San Sebastián est un paradis pour gourmets. Du bar à tapas au restaurant multi étoilé, il y en a pour tous. Une créativité hors norme développée au milieu des années 70 grâce à un groupe de chefs qui, inspirés par la nouvelle cuisine française, font leur révolution, proposant une cuisine saine et innovante. Dans cette superbe station balnéaire, les bons produits abondent, les touristes aussi, pour ce qui semble être un festin sans fin. Un peu en marge, éloigné du bord de mer et du centre historique, le restaurant Arzak n’a ni vue, ni jardin, ni terrasse. C’est une grande bâtisse sans réel charme, posée un peu trop près de la route.

Seule une façade revêtue d’un motif en tuiles de zinc laisse penser qu’il s’y passe quelque chose d’intéressant. On entre dans cette maison comme dans une famille : en salle et en cuisine, les générations s’y sont succédé et s’y côtoient encore aujourd’hui harmonieusement. Juan Mari Arzak y vient encore, le plus souvent possible. Elena veille à ce qu’il ait toujours la place qui lui revient, même si c’est maintenant elle qui dirige l’établissement.

Elle a passé la plus grande partie de sa vie en cuisine ; elle l’imagine, la fait, cherche, explore, toujours en quête de nouvelles pistes, sans jamais oublier qui elle n’est ni d’où elle vient.

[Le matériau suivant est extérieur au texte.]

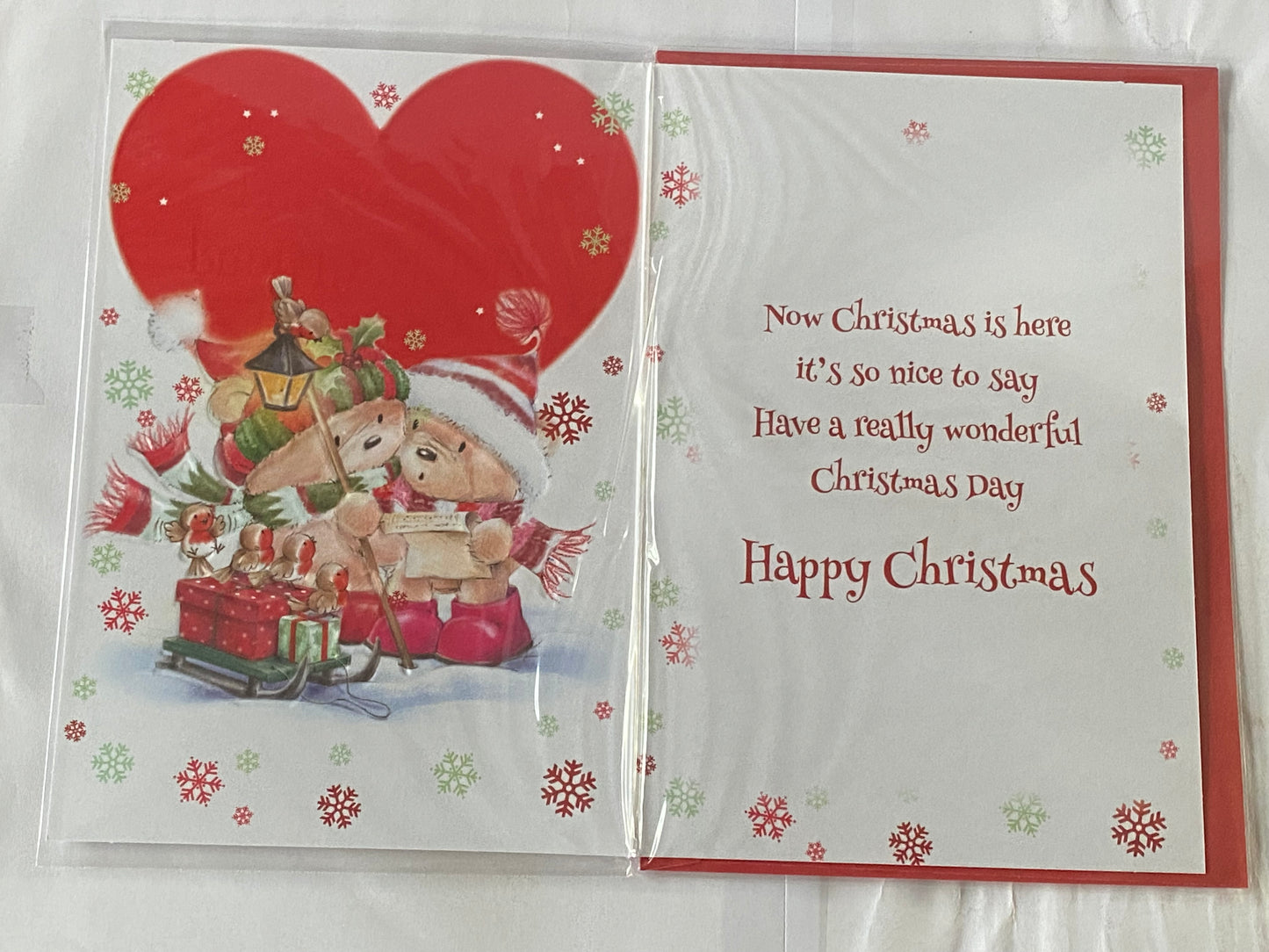 Christmas Wishes To A Special Sister And Her Boyfriend Christmas Card Sister & Boyfriend White/Red- Teddies/Heart(NLC50-016A)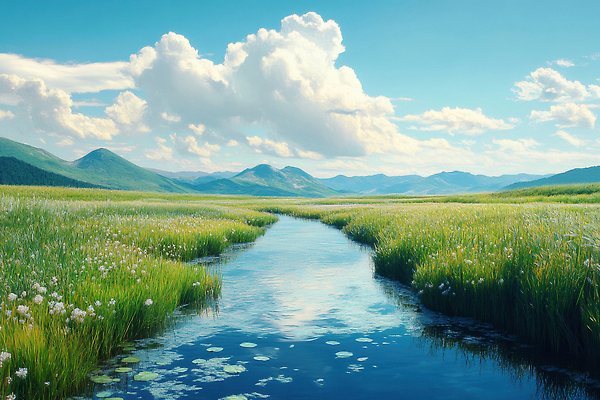 JPG 구름 편집이미지 꽃밭 자연 하늘 산 잔디 초원 사람없음 맑음 여름풍경 개울 물길 편집실사 AI포토 AI콘텐츠 자연요소 식물 꽃 길 날씨 풍경 강 CG 생태계 파일형식 여름_계절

Et elle en parle avec intelligence.

5 questions à la cheffe Elena Arzak

The Good Life : Avez-vous toujours su que vous prendriez la succession de votre père ? Elena Arzak : Enfant, je passais beaucoup de temps au restaurant avec ma grand-mère. Ma sœur et moi y travaillions quelques heures pendant les vacances pour donner un coup de main, nettoyer les chipirons, peler les oranges, trier les fleurs ou les herbes… J’adorais l’ambiance. Je goûtais à plein de choses : du foie gras, des épices, des produits exotiques… Je me souviens avoir dit, un jour, à ma mère, alors que nous mangions des oranges chinoises, que ce serait bien d’avoir des oranges « normales » ! À 17 ans, quand j’ai choisi d’étudier en hôtellerie, mes parents m’ont simplement dit : « Réfléchis bien, passer ses journées en cuisine de l’aube à la nuit, c’est autre chose que deux heures par jour en été ! » Mais c’était bien là que je voulais être. En 1989, alors que j’étais à l’école hôtelière de Lucerne, je reçois un coup de fil de mon père qui m’annonce qu’il vient d’obtenir sa troisième étoile. Il m’a dit : « Tu sais, Elena, je ne sais pas combien de temps je vais les garder. » Nous les avons encore aujourd’hui. C’est magnifique, non ?

TGL : Comment s’est faite la transmission, le passage de sa cuisine à la vôtre ? E. A. : C’est une transition qui s’est faite lentement et qui, d’une certaine façon, se fait toujours. Mon père a longtemps eu le dernier mot, mais il a toujours été ouvert à la différence. Quand je suis revenue de mon apprentissage, la tête pleine d’idées, je suis passée par tous les postes de la cuisine, j’ai lu beaucoup de livres, étudié en profondeur les bases de la cuisine basque et fait des listes de produits oubliés. Puis j’ai commencé à réaliser des plats qui, comme ceux de ma génération, étaient composés avec moins d’ingrédients que ceux de mon père, mais avec plus de puissance. Il a bien compris mon point de vue et nous avons peu à peu commencé à baisser la quantité d’éléments dans l’assiette. Mon intention n’était pas de démonter un système qui fonctionnait très bien, mais mon père savait qu’il fallait évoluer, écouter les plus jeunes. Je lui fais toujours goûter ce que je fais, et lui ne prend aucune décision si je ne suis pas là. Nous sommes très critiques l’un envers l’autre. C’est une chance, et aussi une grande émotion, car je sais qu’un jour il ne sera plus là…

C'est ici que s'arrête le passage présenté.